Comente o caso recente das fraudes relativas a descontos não-autorizados das contas de milhões de aposentados, denunciadas pela Polícia Federal.
Então, é complicado. Existe um histórico. Mensalmente, os aposentados sofrem desconto de Imposto de Renda Retido na Fonte (IRRF), que é normal, todo mundo sabe. Em virtude disso, às vezes o aposentado não desconfia que está recebendo menos do que deveria, porque acha que é esse desconto legal. Muitos esquecem – ou não sabem ainda – que todo mês podem fazer uma consulta ao seu extrato de pagamentos pelo sistema do Meu INSS, para ver o discriminativo do que compõe e do que está deixando de compor o valor que ele está recebendo. Então vai passando o tempo com a pessoa achando que está tudo certo e não está. Tem que fazer esse acompanhamento mesmo! Porque, infelizmente tem gente até de dentro do INSS que quer prejudicar os outros.
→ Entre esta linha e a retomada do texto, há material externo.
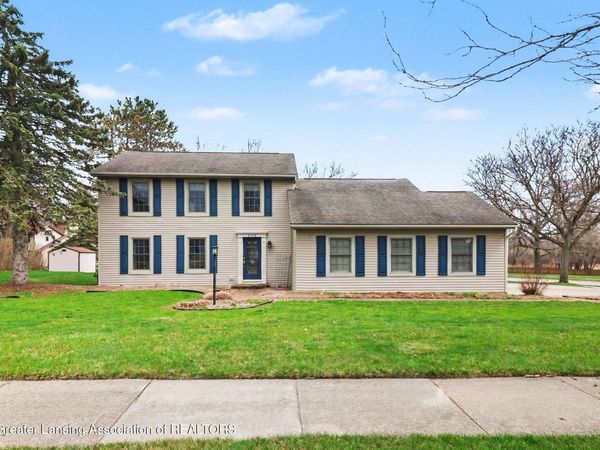 5730 Whisperwood Drive, Haslett, MI 48840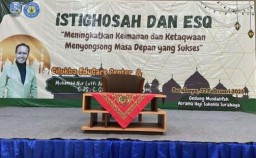 Kelas XII SMAN 19 Surabaya Menyelenggarakan Istighosah dan ESQ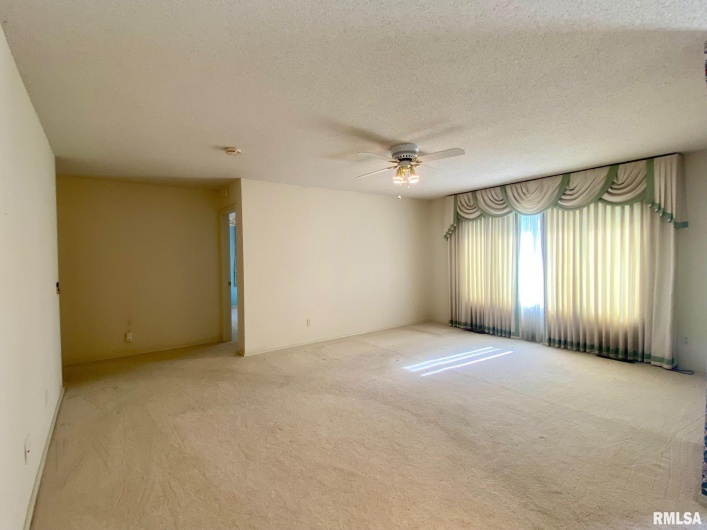 117 PLAINS Avenue, Marion, Illinois 62959, 3 Bedrooms Bedrooms, 0 ,2 BathroomsBathrooms,Residential,For Sale,PLAINS,0,RMAEB458778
A senhora vê perspectiva de os aposentados lesados em tal golpe serem ressarcidos? Já tem clientes a procurando para isso?
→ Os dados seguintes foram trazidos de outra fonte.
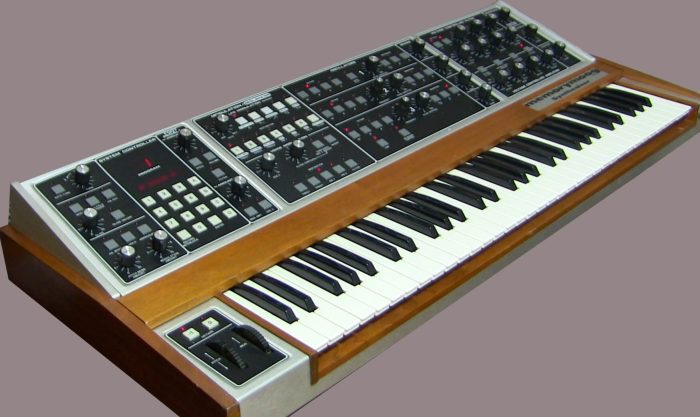 Memorymoog Plus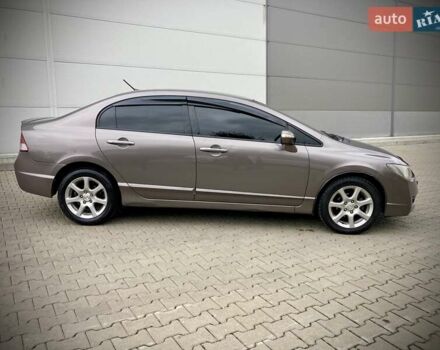 Сірий Хонда Сівік, об'ємом двигуна 1.4 л та пробігом 155 тис. км за 7500 $, фото 1 на Automoto.ua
Vejo e não vejo. Vou te explicar a situação. Antes mesmo dessa bomba da corrupção dentro do INSS estourar, já existiam muitos processos referentes a este assunto tramitando na Justiça. Muitos aposentados me procuravam relatando descontos que não autorizaram, e nesses casos entrávamos com ações contra as associações responsáveis, pedindo devolução em dobro — como prevê o Código do Consumidor — e também indenização por danos morais. Até agora, esses pedidos vinham sendo aceitos. Ainda não protocolei nenhuma nova ação após a revelação do escândalo, mas o caminho continua sendo esse. A grande questão é se essas associações terão recursos para devolver o dinheiro e qual será o posicionamento da Justiça e da AGU, que também está estudando o caso.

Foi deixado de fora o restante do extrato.